For large updates the user’s ability to access the package manager may be impaired, so we do need to make the last-known-good-configuration snapshot. In particular there needs to be a boot entry that the user can select to rollback after they hard-reset their computer.

Kernel updates require a reboot or [kexec](https://github.com/NixOS/nixpkgs/issues/10726), but they are otherwise large updates.

Automation system

Although a distribution is sufficient for setting up a single computer, to set up multiple computers it is more complicated. Salt provides a command-execution agent, but the commands are not idempotent. We want a map from packages to their latest versions or pinned versions. The ‘autoremove’ option is on by default because packages being secretly installed is a bad idea. But with autoremove off, packages are left installed on the system if they aren’t explicitly specified for removal.

Release monitoring

Automating package updates requires finding new releases and then testing it. For the first part, there is almost a standardized API. There is Anitya, which solves some of this, and also cuppa. But both of them work by writing backends/providers for each major hosting site. There is also Repology which checks the various distributions for new versions.

Although the most recently modified / created version is usually the latest release, and hence it is easy to identify, some projects maintain multiple versions, so that newer files might actually be security updates to old versions rather than the latest version. This requires some per-package version handling logic.

We can write our own project scraper:

  • KDE, Debian: There is a ls-lR.bz2 / ls-lR.gz file in the top level with a directory listing with timestamps and filesizes.

  • GNU, Savannah, GNOME, Kernel.org, X.org: We can get a directory listing from an Rsync mirror with a command like rsync --no-h --no-motd --list-only -r --exclude-from=rsync-excludes-gnome rsync://mirror.umd.edu/gnome/.

  • RubyGems: There is a version index that lists all the gems and their versions. Or there is an API to get versions for each gem individually.

  • Hackage: There is a package index. Also an RSS feed (I’m guessing it needs to set the accept header). Or there is a per-project “preferred versions” list in JSON. It is probably more efficient to use the Git mirror though. For Stackage there are YAML files with version/build info here.

  • PyPI: There are APIs. The RSS feed works if we can regularly check it every 20 minutes.

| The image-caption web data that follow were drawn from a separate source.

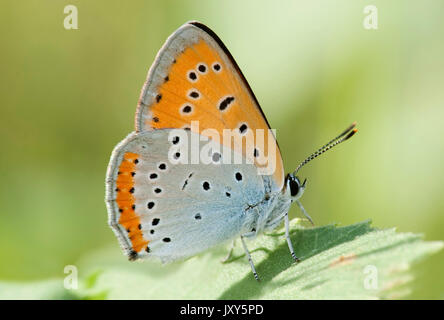 Grand papillon Lycaena dispar, cuivre, sulucu Ciucurova Macin vallée, vallée, Dobrogea, en Roumanie, en appui sur la feuille, dessous des ailes Banque D'Images
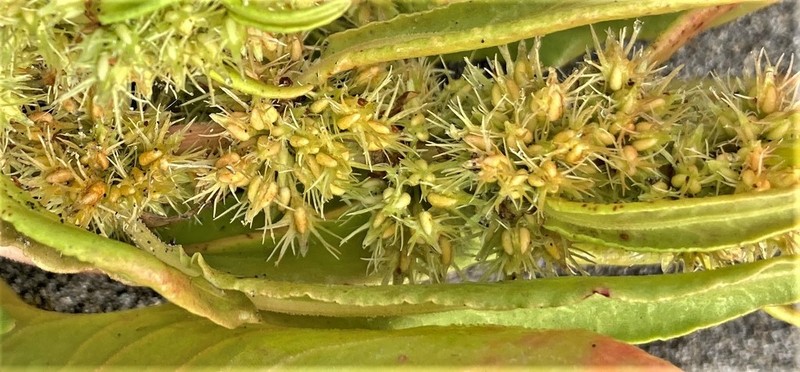 Rumex persicarioides photo 5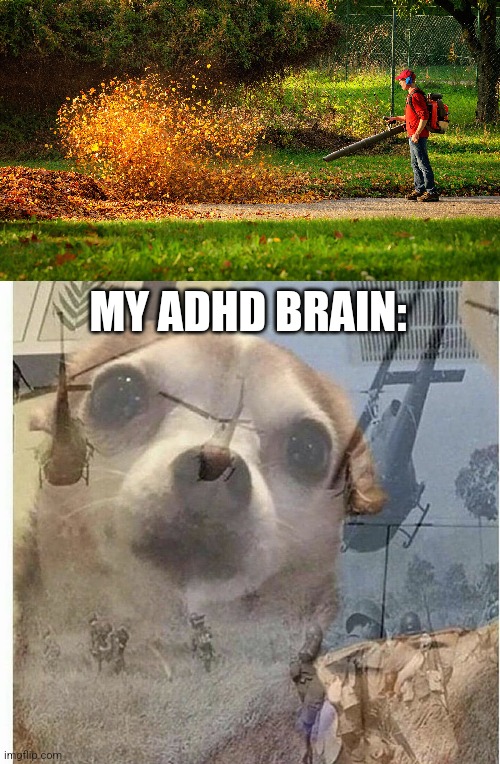 its that season | MY ADHD BRAIN: | image tagged in ptsd chihuahua | made w/ Imgflip meme maker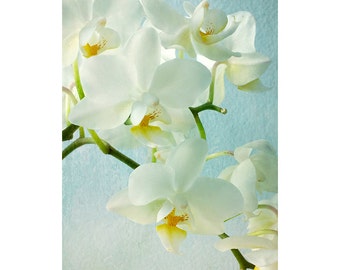 White Orchid Floral Print, Ethereal Flower Photography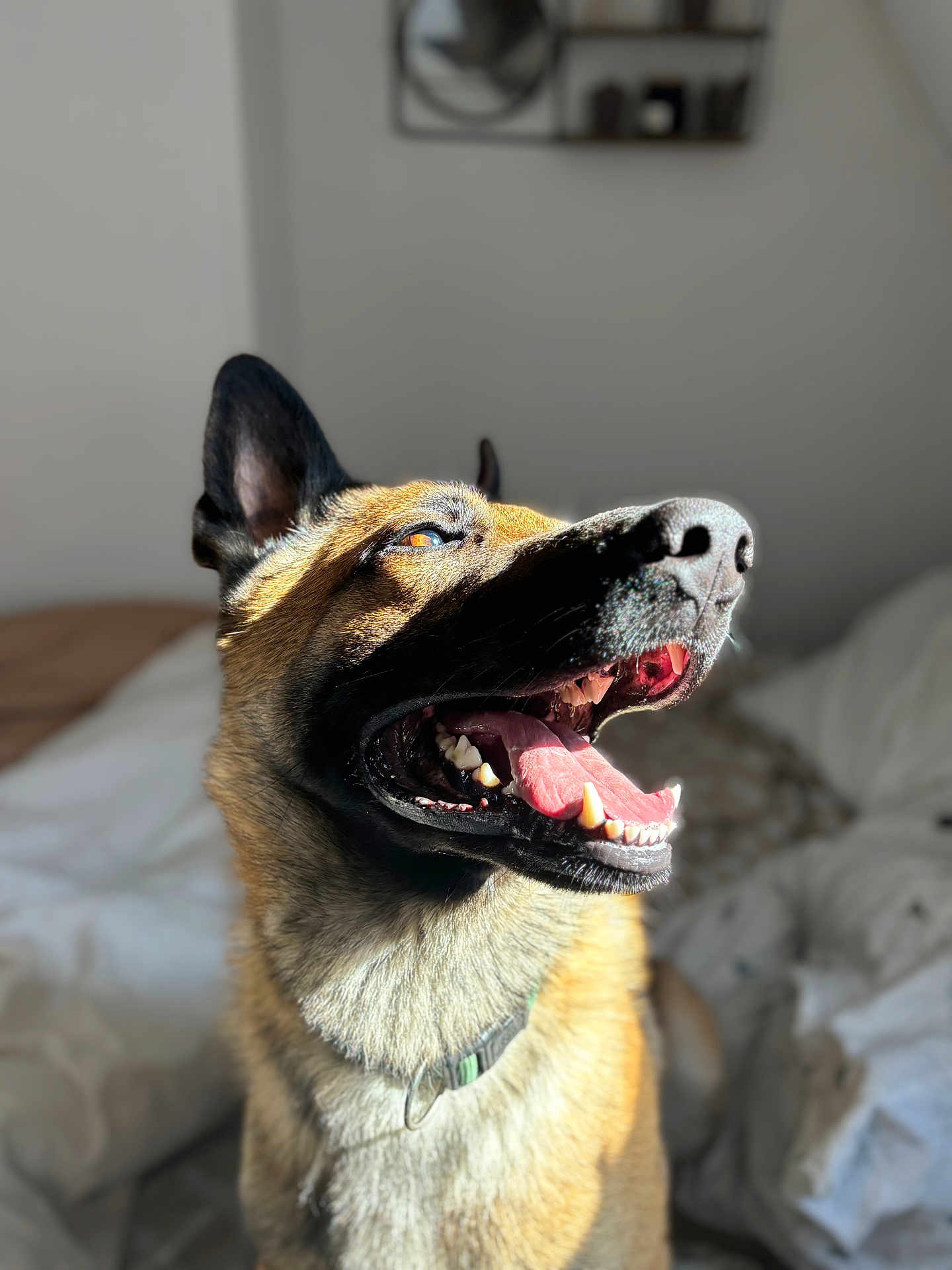 Tango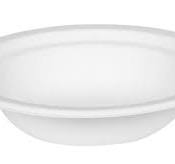 Eco Friendly Disposable Plates In Bulk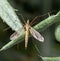 Large mosquito on a green plant. macro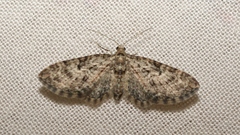 Eupithecia dodoneata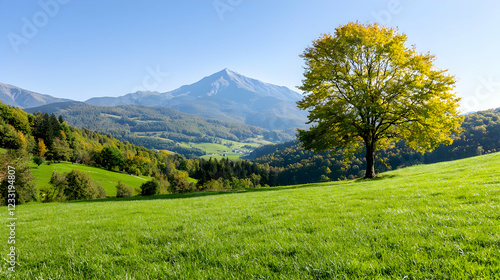 Solitary tree autumnal mountain valley landscape photo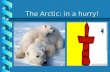 The Arctic: in a hurry! Arctic Geography Sparsely populated (approximately 40 000 people)Sparsely populated (approximately 40 000 people) Long periods.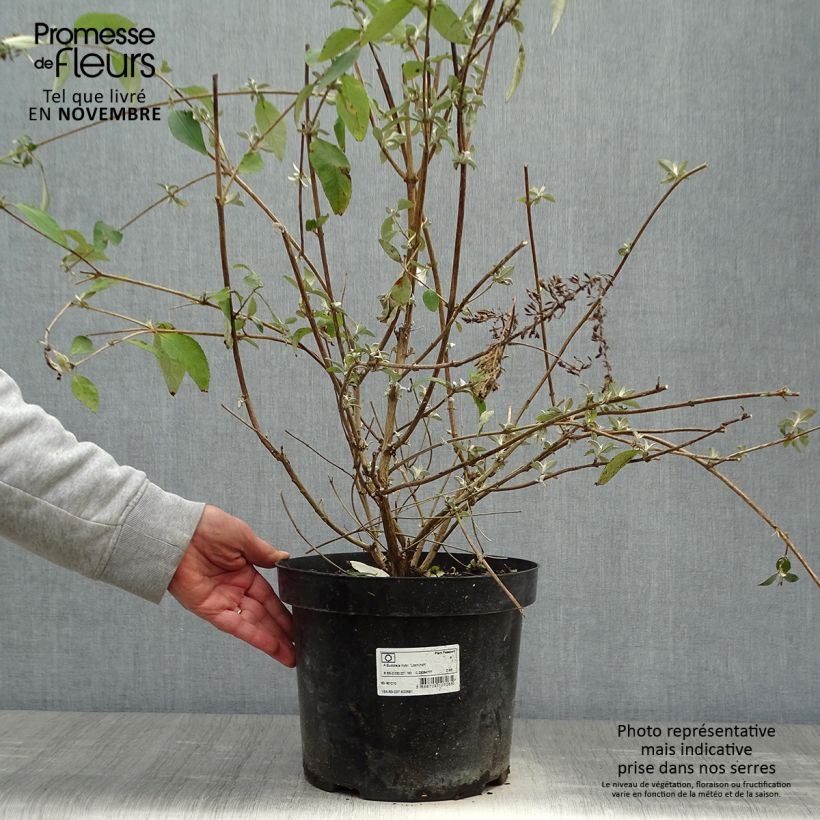 Ejemplar de Buddleja Lochinch Maceta 7,5L/10L entregado en otoño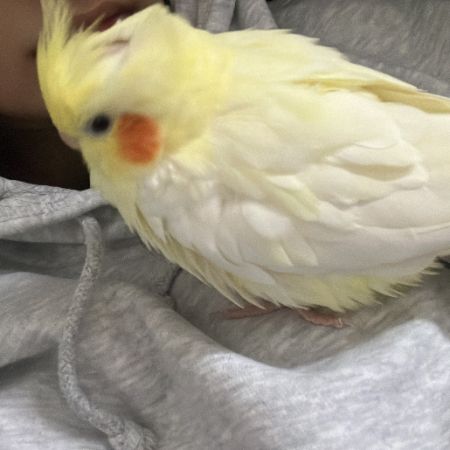 Missing Cockatiel Birds in Leicester 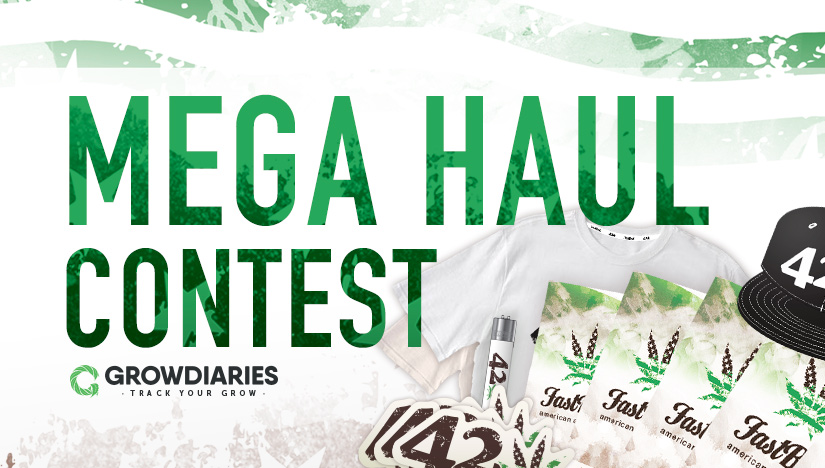 Grow Big and Win Big in Fast Buds' Mega Haul Contest Grow Big and Win Big in Fast Buds' Mega Haul Contest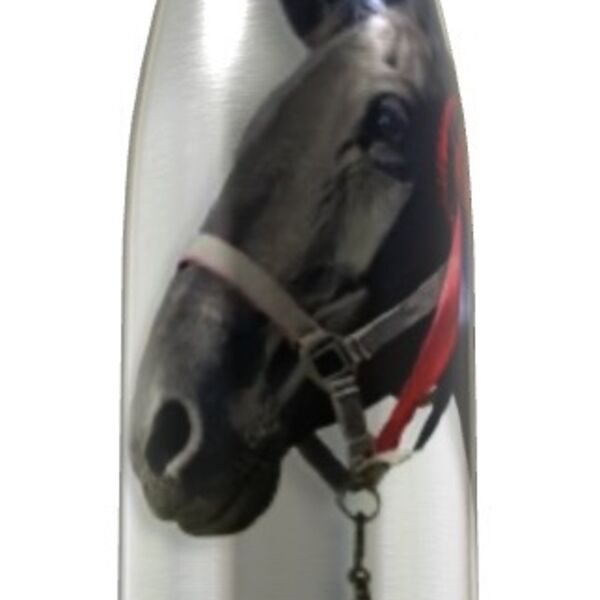 HOOFS WATER BOTTLE/FLASK  Thumbnail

Otherwise, besides the XML-RPC changelog API that isn’t supposed to be used, the only way is to download the list of projects from the simple API and then go through and fetch the JSON data for each project. Since the requests are cached this is not too much overhead, but it can take a while for lots of projects. There is an issue filed for a bulk API / dump.

  • CPAN: There is an RSS feed and a per-package API to get the latest version. Probably one to get all versions too.

  • CRAN: There is an RSS feed and a per-package API to get all versions.

  • Crates.io: There is an index repository, or we could crawl.

  • SourceForge: There is no useful global list, but we can check each project’s RSS feed to find new releases. If there are not enough files returned we can increase the limit.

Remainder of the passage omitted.